- **Your task**
Gather all lines in the data that hold the string "Special".

- **Supplied material**
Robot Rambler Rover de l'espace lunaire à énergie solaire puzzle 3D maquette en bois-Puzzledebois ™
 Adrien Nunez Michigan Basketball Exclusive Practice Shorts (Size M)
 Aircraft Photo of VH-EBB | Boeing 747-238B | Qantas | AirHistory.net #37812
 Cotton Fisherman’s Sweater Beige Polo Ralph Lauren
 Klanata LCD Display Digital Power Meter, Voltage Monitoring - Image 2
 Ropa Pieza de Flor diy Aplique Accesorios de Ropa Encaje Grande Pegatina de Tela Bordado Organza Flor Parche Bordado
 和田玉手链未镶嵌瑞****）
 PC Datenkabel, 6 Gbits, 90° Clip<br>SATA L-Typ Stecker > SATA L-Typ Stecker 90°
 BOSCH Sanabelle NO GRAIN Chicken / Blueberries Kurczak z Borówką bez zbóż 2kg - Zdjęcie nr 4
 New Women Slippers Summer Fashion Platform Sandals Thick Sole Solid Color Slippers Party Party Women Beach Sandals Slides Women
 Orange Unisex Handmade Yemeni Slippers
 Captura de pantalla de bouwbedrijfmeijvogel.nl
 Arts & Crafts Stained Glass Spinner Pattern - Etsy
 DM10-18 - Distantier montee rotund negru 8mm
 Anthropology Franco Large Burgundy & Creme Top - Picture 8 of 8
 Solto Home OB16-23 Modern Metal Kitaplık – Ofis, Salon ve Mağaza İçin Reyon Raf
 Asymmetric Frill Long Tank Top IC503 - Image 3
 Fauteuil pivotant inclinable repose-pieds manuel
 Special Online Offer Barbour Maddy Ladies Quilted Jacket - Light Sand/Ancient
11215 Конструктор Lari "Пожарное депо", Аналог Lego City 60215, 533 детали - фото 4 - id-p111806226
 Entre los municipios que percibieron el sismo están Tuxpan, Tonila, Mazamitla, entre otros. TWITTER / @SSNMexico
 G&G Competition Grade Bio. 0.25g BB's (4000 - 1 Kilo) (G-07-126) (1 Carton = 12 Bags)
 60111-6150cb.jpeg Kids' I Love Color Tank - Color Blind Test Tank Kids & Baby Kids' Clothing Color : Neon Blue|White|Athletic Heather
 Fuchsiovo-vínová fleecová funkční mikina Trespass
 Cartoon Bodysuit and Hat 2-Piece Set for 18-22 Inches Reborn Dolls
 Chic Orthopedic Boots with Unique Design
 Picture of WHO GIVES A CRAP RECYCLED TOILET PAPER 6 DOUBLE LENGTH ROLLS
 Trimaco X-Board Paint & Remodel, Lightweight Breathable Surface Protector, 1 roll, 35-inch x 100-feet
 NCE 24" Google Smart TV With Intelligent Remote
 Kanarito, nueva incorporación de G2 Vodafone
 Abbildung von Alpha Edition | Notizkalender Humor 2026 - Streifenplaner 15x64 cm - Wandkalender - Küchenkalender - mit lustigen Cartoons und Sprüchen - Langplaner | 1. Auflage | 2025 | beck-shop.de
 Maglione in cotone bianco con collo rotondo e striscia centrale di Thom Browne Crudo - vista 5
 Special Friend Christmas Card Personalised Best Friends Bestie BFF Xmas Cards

- **Expected answer**
 Special Online Offer Barbour Maddy Ladies Quilted Jacket - Light Sand/Ancient
 Special Friend Christmas Card Personalised Best Friends Bestie BFF Xmas Cards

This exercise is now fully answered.